Meskipun sudah ditegaskan bahwa larangan politik uang tertuang pada Pasal 278 ayat (2), 280 ayat (1) huruf j, 284, 286 ayat (1), 515 dan 523 UU No. 7 Tahun 2017 tentang Pemilihan Umum. Seperti Pasal 280 ayat (1) huruf j menyebutkan, “Penyelenggara, peserta hingga tim kampanye dilarang menjanjikan atau memberikan uang atau materi lainnya kepada peserta kampanye pemilu”.UU 7/2017 menjelaskan bahwa politik uang tersebut bertujuan agar peserta pemilu tidak menggunakan hak pilihnya, menggunakan hak pilihnya dengan memilih peserta pemilu dengan cara tertentu sehingga surat suaranya tidak sah.
Kemudian, politik uang tersebut bertujuan agar peserta kampanye memilih pasangan calon tertentu, memilih Partai Politik Peserta pemilu tertentu, dan/atau memilih calon anggota DPD tertentu. Apabila terbukti melakukan pelanggaran, maka Komisi Pemilihan Umum (KPU) dapat mengambil tindakan. Yakni berupa pembatalan nama calon anggota DPR, DPD, DPRD Provinsi, dan DPRD Kabupaten/Kota dari daftar calon tetap, atau pembatalan penetapan calon anggota DPR, DPD, DPRD provinsi, dan DPRD kabupaten/kota sebagai calon terpilih.Sementara, Pasal 286 ayat (1) menyebutkan, “Pasangan calon, calon anggota DPR, DPD, DPRD Provinsi, DPRD Kabupaten/Kota, pelaksana kampanye, dan/atau tim kampanye dilarang menjanjikan dan/atau memberikan uang atau materi lainnya untuk memengaruhi penyelenggara Pemilu dan/atau Pemilih”.
Pasangan calon, calon anggota DPR, DPD, DPRD Provinsi, DPRD Kabupaten/Kota yang terbukti melakukan pelanggaran sebagaimana dimaksud berdasarkan rekomendasi Bawaslu dapat dikenai sanksi administratif pembatalan sebagai pasangan calon, calon anggota DPR, DPD, DPRD Provinsi, DPRD Kabupaten/Kota. Pelanggaran dimaksud terjadi secara terstruktur, sistematis, dan masif.
Pemberian sanksi terhadap pelanggaran tersebut jtidak menghilangkan sanksi pidana. Untuk sanksi pidana politik uang dibedakan tiga kelompok. Pasal 523 ayat 1 menyebutkan, “Setiap pelaksana, peserta, dan/atau tim Kampanye Pemilu yang dengan sengaja menjanjikan atau memberikan uang atau materi lainnya sebagai imbalan kepada peserta kampanye Pemilu secara langsung ataupun tidak langsung sebagaimana dimaksud dalam Pasal 280 ayat (1) huruf j dipidana dengan pidana penjara paling lama 2 (dua) tahun dan denda paling banyak Rp 24 juta”.Kemudian Pasal 523 ayat 2 mengatur terhadap setiap pelaksana, peserta, dan/atau tim Kampanye Pemilu yang dengan sengaja pada masa tenang menjanjikan atau memberikan imbalan uang atau materi lainnya kepada pemilih secara langsung ataupun tidak langsung disanksi pidana dengan pidana penjara paling lama 4 tahun dan denda paling banyak Rp 48 juta.Sedangkan Pasal 523 ayat 3 menyebutkan, “Setiap orang yang dengan sengaja pada hari pemungutan suara menjanjikan atau memberikan uang atau materi lainnya kepada Pemilih untuk tidak menggunakan hak pilihnya atau memilih Peserta Pemilu tertentu dipidana dengan pidana penjara paling lama 3 tahun dan denda paling banyak Rp 36 juta”.

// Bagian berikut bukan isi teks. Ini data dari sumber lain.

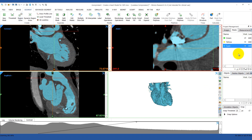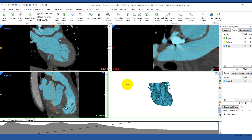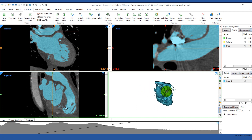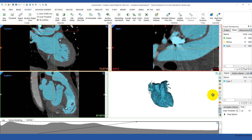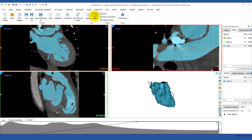Once you're happy with your segmentation, the next step is to calculate a 3D object. Make sure that you select optimal quality and the right mask. Check that the 3D model has no errors and everything looks good. If you see something that's wrong, you can always go back to your mask segmentation, edit it again, and recalculate the 3D object. The next step is to export this out to 3-matic.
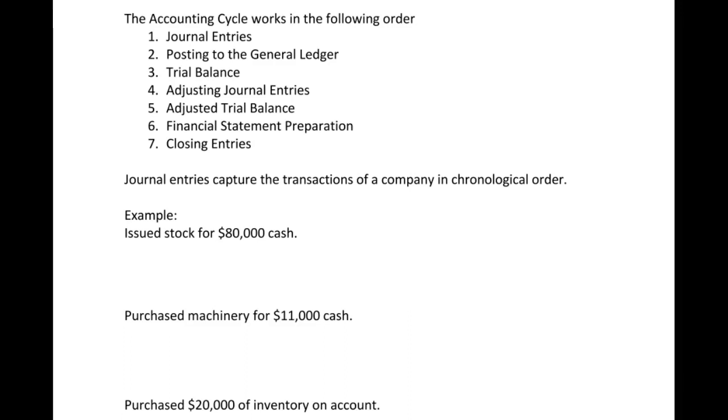So we're going to walk through some journal entries. If you're an intermediate student, this should be review for you. If you're in a principles or financial accounting class, this will be new. But it is the foundation - you have to be able to do journal entries and understand normal account balances. So let's walk through our transactions.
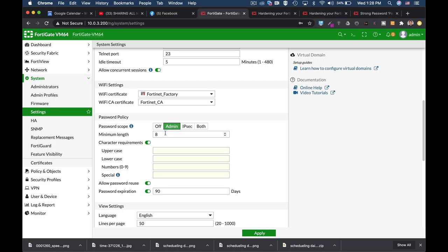Now the minimum length was and still is eight characters long. But the best practice is to make it 12 characters long.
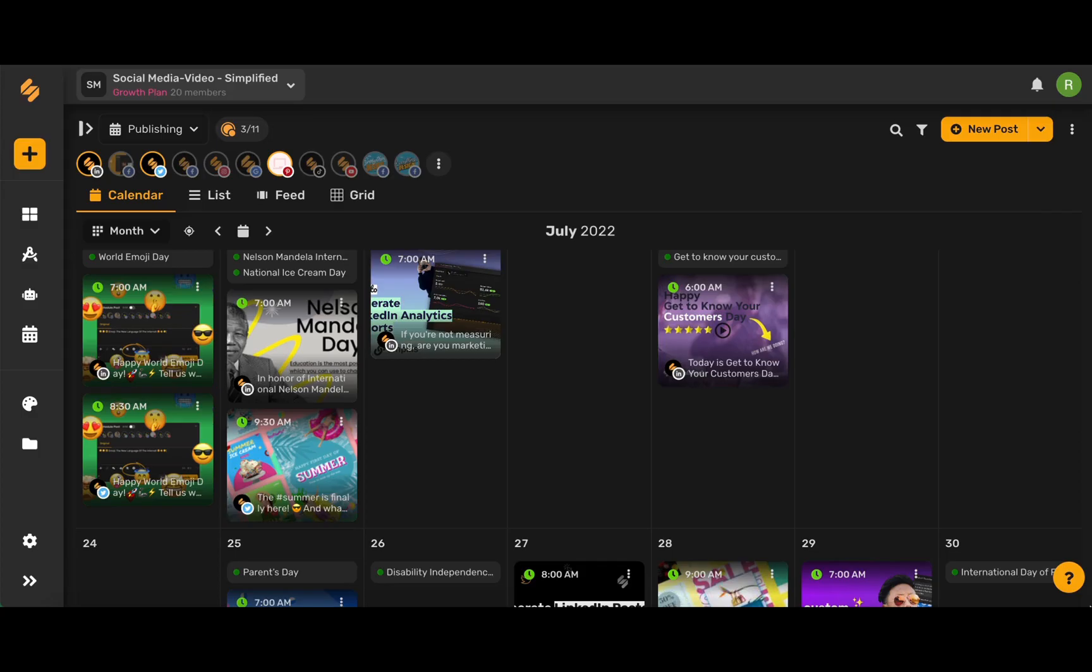Simplified Social Calendar is the all-in-one tool you need to manage all of your social media accounts. A great hack on the content calendar that we're going to talk about today is how you can schedule a Twitter thread.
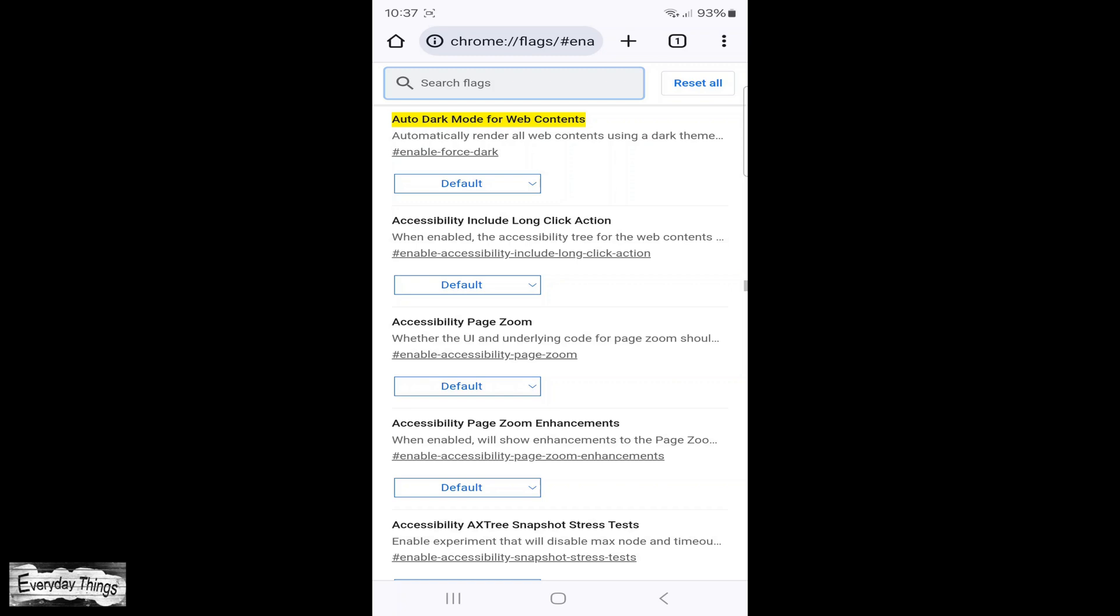This will open the hidden menu in Chrome where you'll find various options. Look for auto dark mode for web contents.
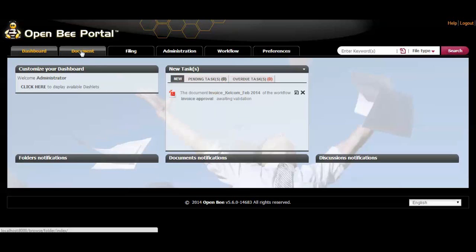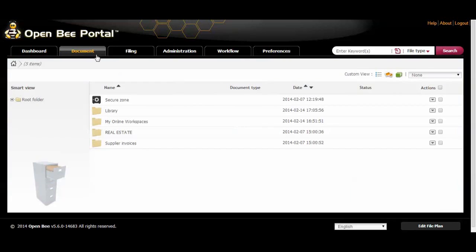Click the document tab to display all the folders and documents you have access to depending on your privileges.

Namun sejumlah peraturan dan perundang-undangan tersebut diatas masih tidak membuat gentar sejumlah oknum pelaku yang masih saja melakukannya meskipun sejumlah sanksi nya bisa di pidana. Sebelum nya pemberitaan ini diterbitkan, tim awak media belum mendapatkan keterangan dari pihak Bawaslu Kabupaten Tasikmalaya (Chandra Foetra S).